Additional monitoring servers (help wanted)

NoahMcNallie · March 27, 2019, 6:50am

I really hope this gets done. All my servers are dropping out as soon as they score up. There is nothing wrong with them that they can’t handle though

Noah

erayd · March 28, 2019, 12:58am

All my servers are dropping out as soon as they score up. There is nothing wrong with them that they can’t handle though.

If they are only dropping out when they get added to the rotation (score >= 10), then the issue is unlikely to be monitoring, and there is probably actually something wrong on your end. If the problem was a monitoring issue, it should also still be dropping when the score is below 10.

If the issue is not with the server, then I’d recommend you take a look at the network - in particular, that connection tracking (and by implication NAT) is disabled for NTP packets, in both directions. The server is not the only place where NTP traffic can cause load problems. Depending on your network topology, this may need to be configured on more than one router.

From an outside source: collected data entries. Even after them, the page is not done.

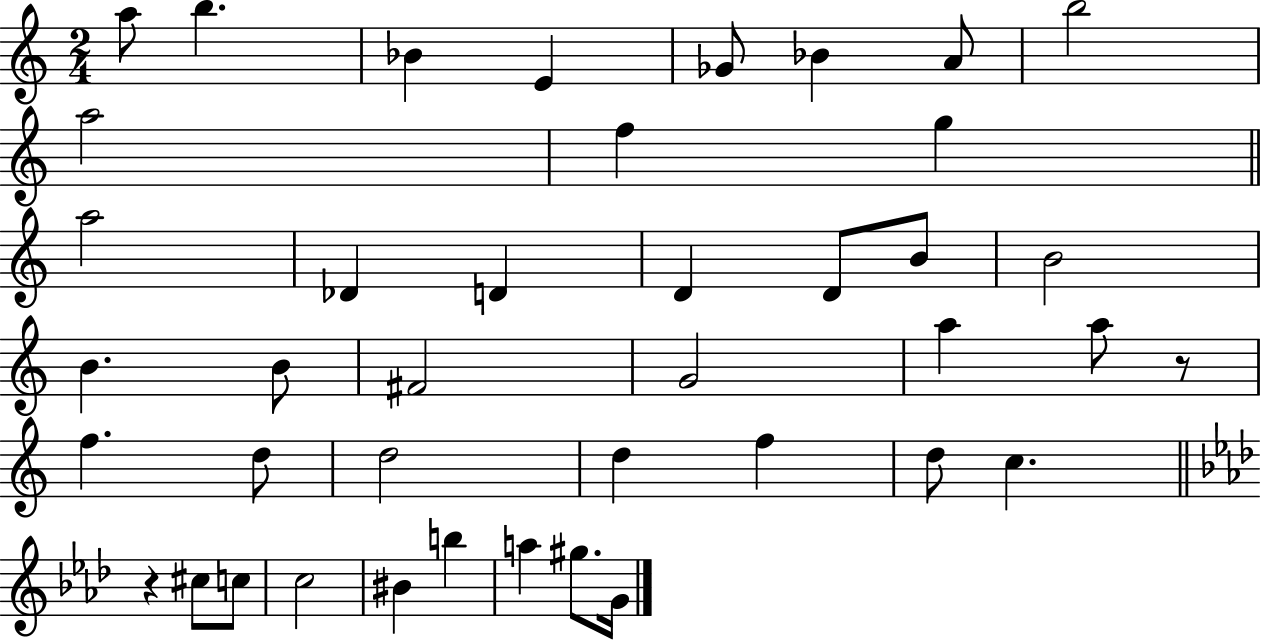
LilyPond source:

{
  \clef treble
  \numericTimeSignature
  \time 2/4
  \key c \major
  a''8 b''4. | bes'4 e'4 | ges'8 bes'4 a'8 | b''2 | \break a''2 | f''4 g''4 | \bar "||" \break \key c \major a''2 | des'4 d'4 | d'4 d'8 b'8 | b'2 | \break b'4. b'8 | fis'2 | g'2 | a''4 a''8 r8 | \break f''4. d''8 | d''2 | d''4 f''4 | d''8 c''4. | \break \bar "||" \break \key aes \major r4 cis''8 c''8 | c''2 | bis'4 b''4 | a''4 gis''8. g'16 | \break \bar "|."
}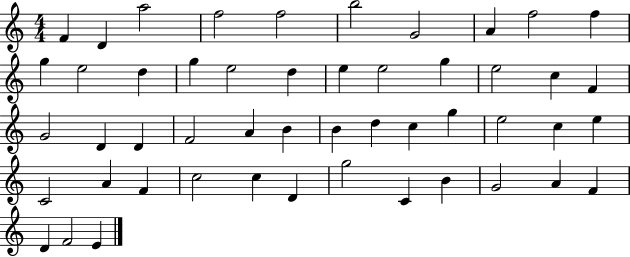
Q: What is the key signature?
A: C major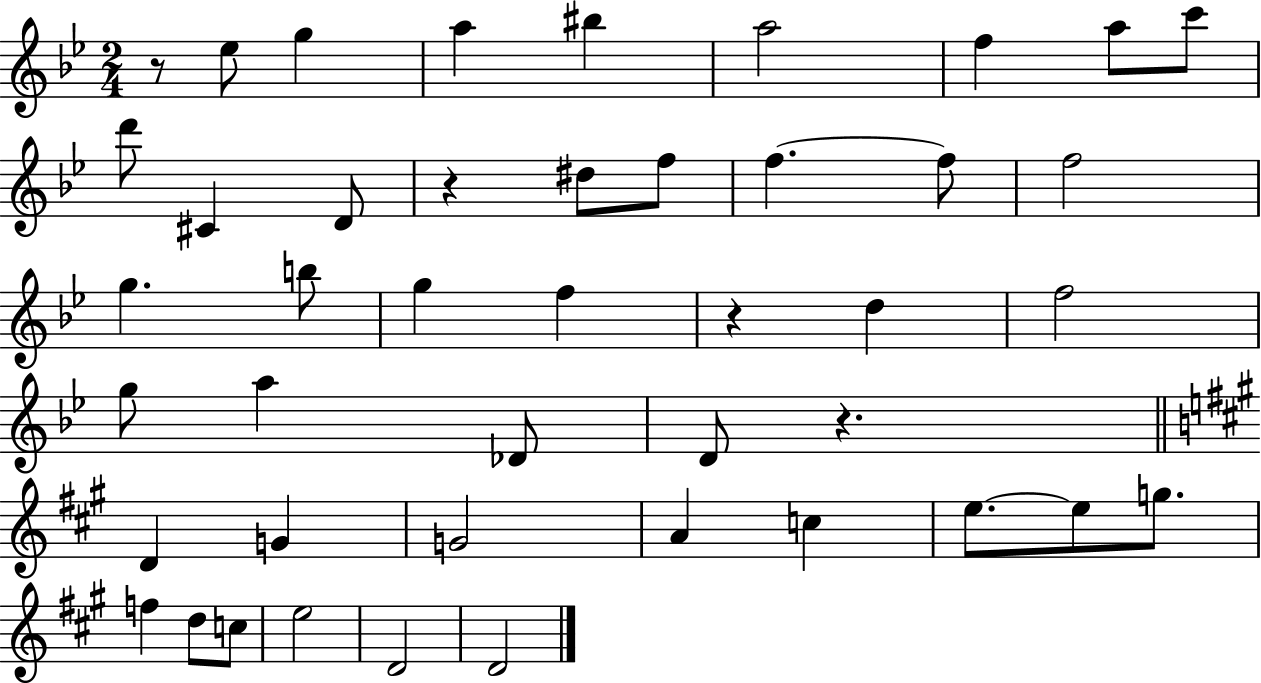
R/e Eb5/e G5/q A5/q BIS5/q A5/h F5/q A5/e C6/e D6/e C#4/q D4/e R/q D#5/e F5/e F5/q. F5/e F5/h G5/q. B5/e G5/q F5/q R/q D5/q F5/h G5/e A5/q Db4/e D4/e R/q. D4/q G4/q G4/h A4/q C5/q E5/e. E5/e G5/e. F5/q D5/e C5/e E5/h D4/h D4/h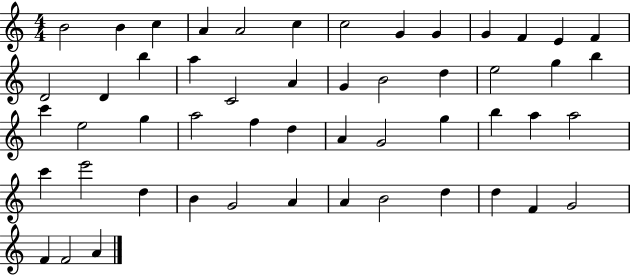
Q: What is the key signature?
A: C major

Something else to consider - when initially setting up an NTP server on my current ISP, it tripped their DDOS-mitigation rules, and much of the traffic was dropped before it even reached me. This was resolved by simply calling them and having my server’s IP excluded from that monitoring. If you are certain that you have ruled out both your server and your network as potential causes, then talking to your upstream(s) may be a good idea.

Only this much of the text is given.